Is it just me or is the girl on the very right going topless???!!!!


----------



## Chase This! (Jul 20, 2007)

rookie06 said:


> Is it just me or is the girl on the very right going topless???!!!!


It is one of those phenomenons no one can explain. Bikini tops will NOT stay tied on boats over 50ft...

I think we need to get Myth Busters to confrim this.

Brandon


----------



## DFoley (Sep 11, 2007)

Chase This! said:


> It is one of those phenomenons no one can explain. Bikini tops will NOT stay tied on boats over 50ft...
> 
> I think we need to get Myth Busters to confrim this.
> 
> Brandon


We dont need myth busters, its confirmed already haha.Kinda like takin a chick on a ride to see the porpoises, works every time...


----------



## bwguardian (Aug 30, 2005)

Chase This! said:


> It is one of those phenomenons no one can explain.
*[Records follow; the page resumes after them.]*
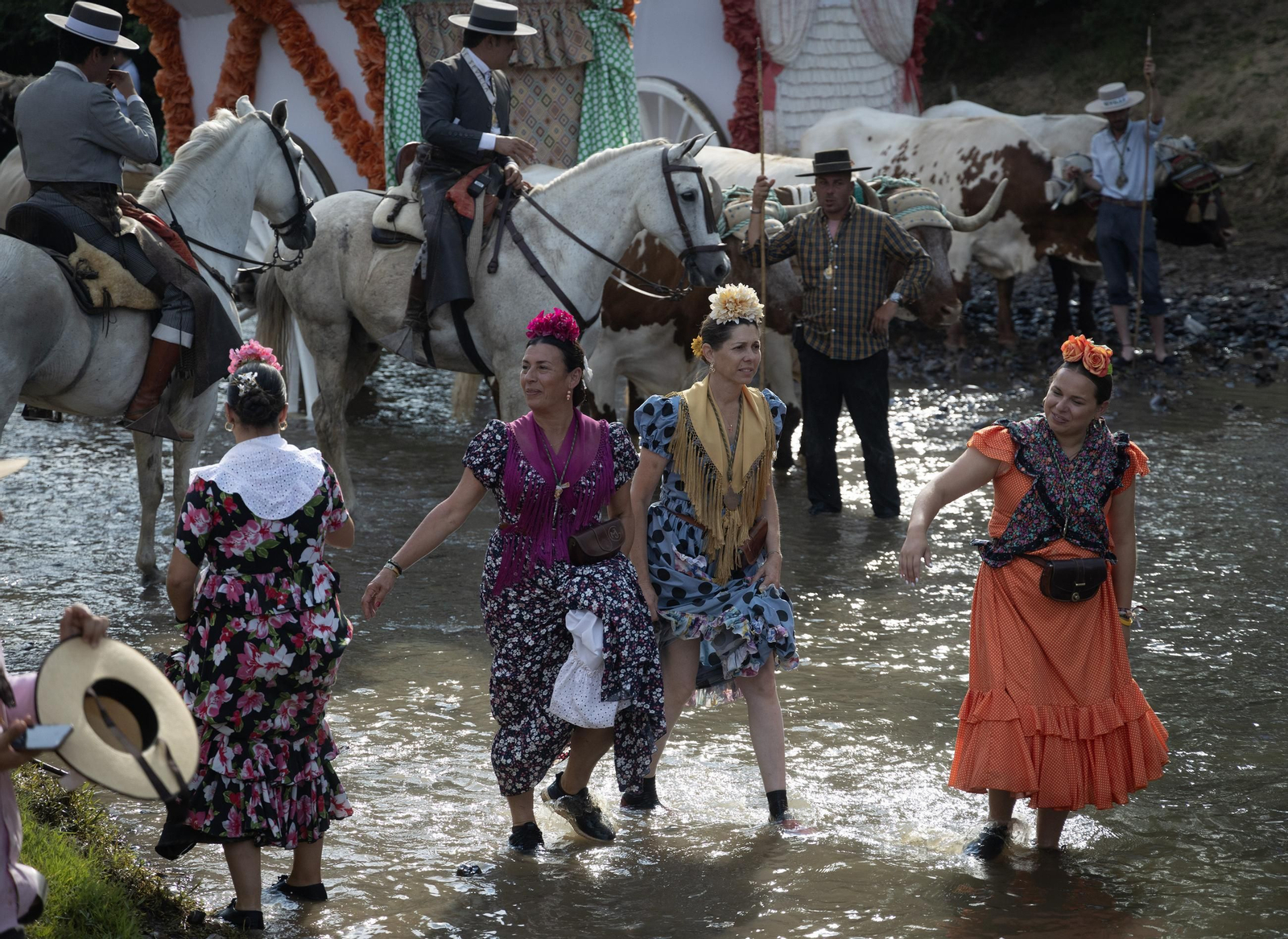La Hermandad de Triana y Sevilla a su paso por el Vado de Quema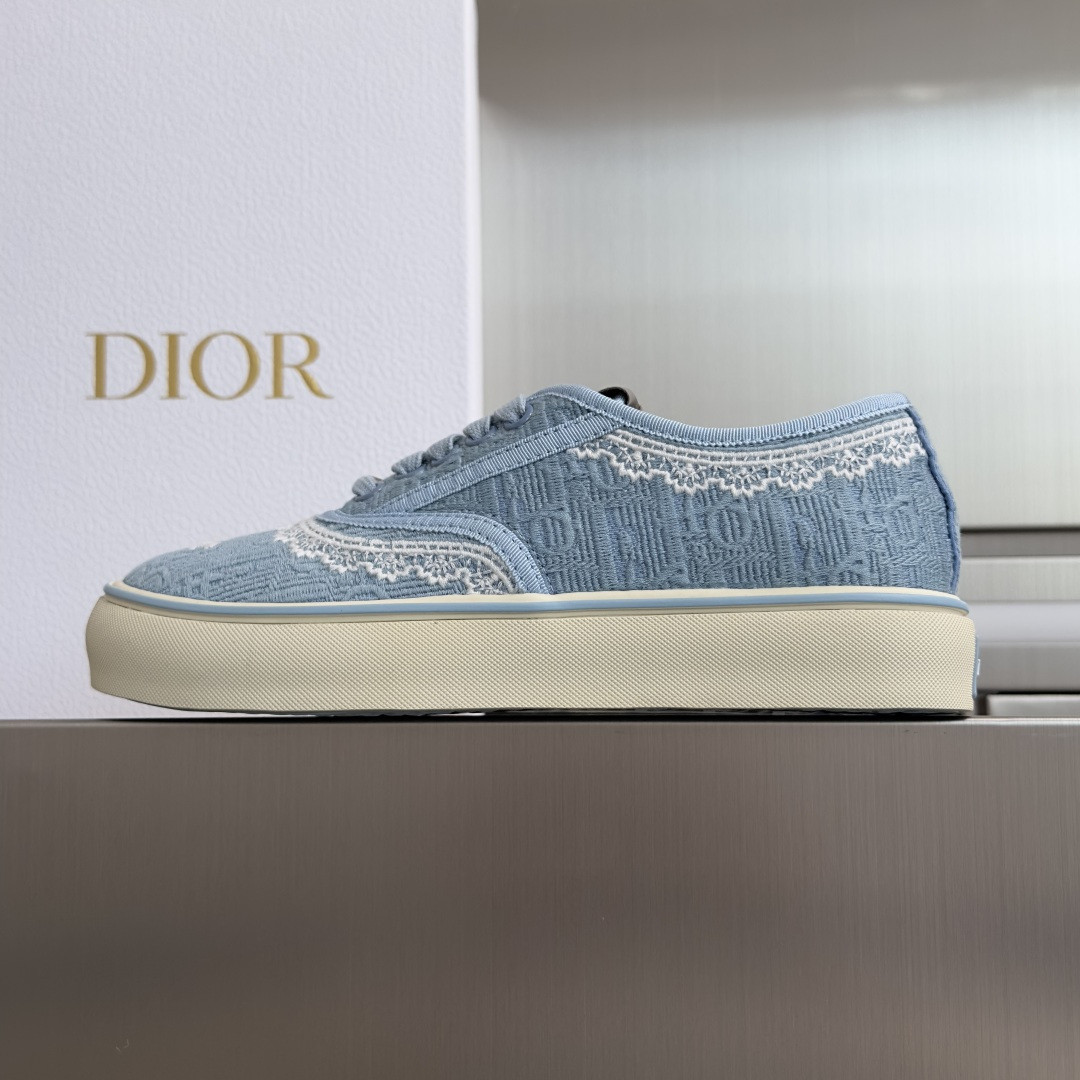 ua D10r saltwind sneaker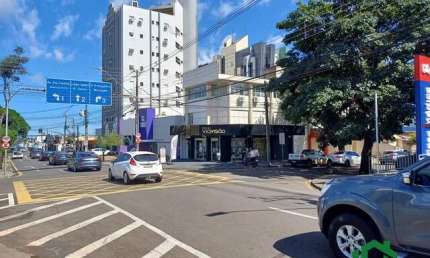 Esquina comercial, rua Senador Souza Naves, próximo a Av. Bandeirantes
Bikini tops will NOT stay tied on boats over 50ft...
> 
> I think we need to get Myth Busters to confrim this.
> 
> Brandon


Brandon, even more reason to look at that 53 Hatt on the website you linked the 33 ProKat off over yander.


----------



## Chase This! (Jul 20, 2007)

bwguardian said:


> Brandon, even more reason to look at that 53 Hatt on the website you linked the 33 ProKat off over yander.


Indeed an added benefit of a big boat. But why buy a 50ft+ when I can just mooch off my friends???

Brandon


----------



## bwguardian (Aug 30, 2005)

Chase This! said:


> Indeed an added benefit of a big boat. But why buy a 50ft+ when I can just mooch off my friends???
> 
> Brandon


Haha...I know what you mean...I fish mine when I can, but it is nice to walk on the friends 55 Hatt and go to the floaters. Did you look at that boat though...it is sweet...especailly for the money...if it was closer I might think about it.


----------



## Haska San (11 mo ago)

She is here now in Batam, Indonesia and just got someone who might want to brings her back to her glory days...appreciate any comments


----------



## TexasEdition (Jan 22, 2019)

11andy11 said:


> I don't think any bilge pump is going to keep up with a shaft getting ripped out.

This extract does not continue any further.